Death Penalty

Death Chamber

In 2006, the death penalty has not been routinely applied in any democratic country, but the United States of America. It still exists in Japan and India, yet executions are rare there (one in India in 2004, none since then). Philippines abolished the death penalty for all crimes in June 2006.

Death penalty is forbidden in all countries inside the European Union. Its abolition is even a mandatory criterion for application.
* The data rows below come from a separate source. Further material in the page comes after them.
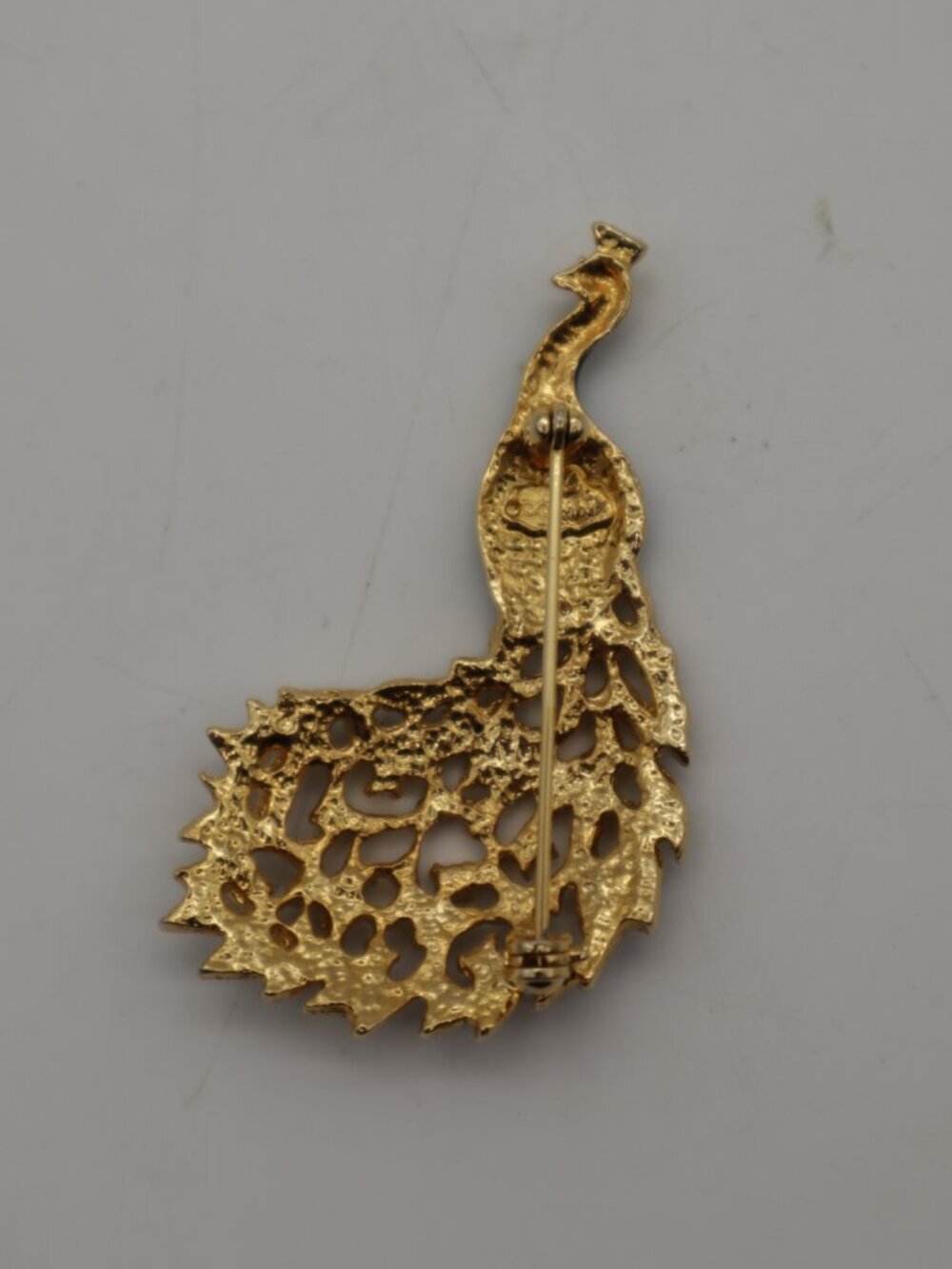 Vtg Covani Enameled Peacock Bird Brooch Pin Gold Tone Rhinestones - Picture 3 of 4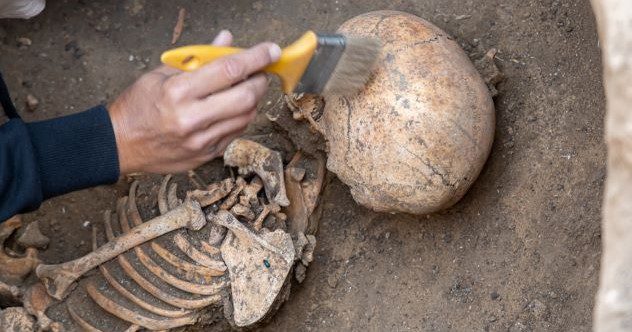 10 Creepy Rituals Hidden in Ancient Burials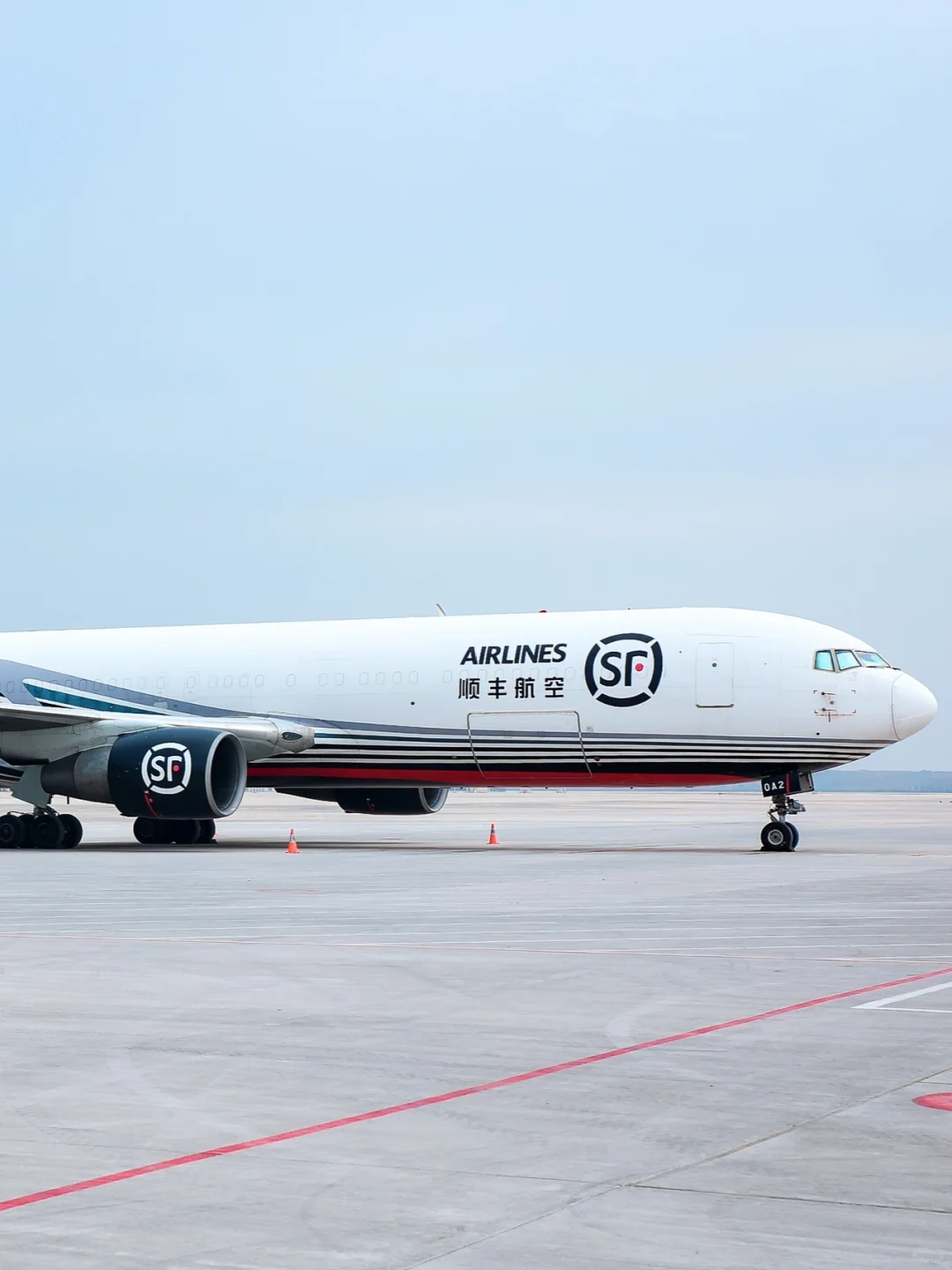 来看我们的大飞机啦?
According to Amnesty International, at least 2,148 people were executed in 22 countries in 2005, among whom 1,770 people  in China. True figures are probably much higher thoug, since Chinese statistics on death penalty are classified as a state secret. Iran executed at least 94 people, and Saudi Arabia at least 86. There were 60 executions in the USA, bringing the total to 1004 executed in this country since the use of the death penalty was resumed in 1977.

International treaties prohibit to sentence to death or execute people under 18 years old at the time of the crime. Most countries whose laws still provide for the death penalty specifically exclude the execution of child offenders. Since 1990 however, eight countries executed young people: China, Congo (DR), Iran, Nigeria, Pakistan, Saudi Arabia, USA and Yemen. China, Pakistan USA and Yemen have now changed their law and raised the minimum age for the death penalty to 18. Yet the USA and Iran have each executed more child offenders than the other six countries combined.

Scientific studies have consistently failed to find convincing evidence that the death penalty deters crime more effectively than other punishments. Statistics show that abolition does not have harmful effect on the curve of crime; for instance, in Canada where death penalty was abolished in 1976, the homicide rate per 100,000 population fell from 3.09 in 1975, to 2.41 in 1980, and 1.73 in 2003.

The persistence of death penalty is not that surprising in countries such as China, Saudi Arabia or Iran, that are not democracies. It is a stain for the USA. Death penalty is not only barbaric, it is unfair. Whether you receive the death penalty in the USA depends not so much on what you have done, but:

— where you committed your crime: the use of the death penalty not only varies from state to state (12 US states have no death penalty) but from jurisdiction to jurisdiction within a state.
— what colour your skin is: repeated studies have shown a pattern of racial discrimination in the administration of the sentence. For example, among the 205 people executed for inter-racial murders in the USA, 193 were black defendants charged with killing a white person, while only 12 were white defendants charged with killing a black individual.
— and how much money you have: 90% of defendants are too poor to hire their own lawyer, so most rely on overworked court-appointed lawyers.

Proved lack of efficiency as a deterrent, unfairness, knowlegde that innocent people were killed, and 'simply' untenable notion of legal murder of individuals by a state on an ethical point of view: isn't it enough?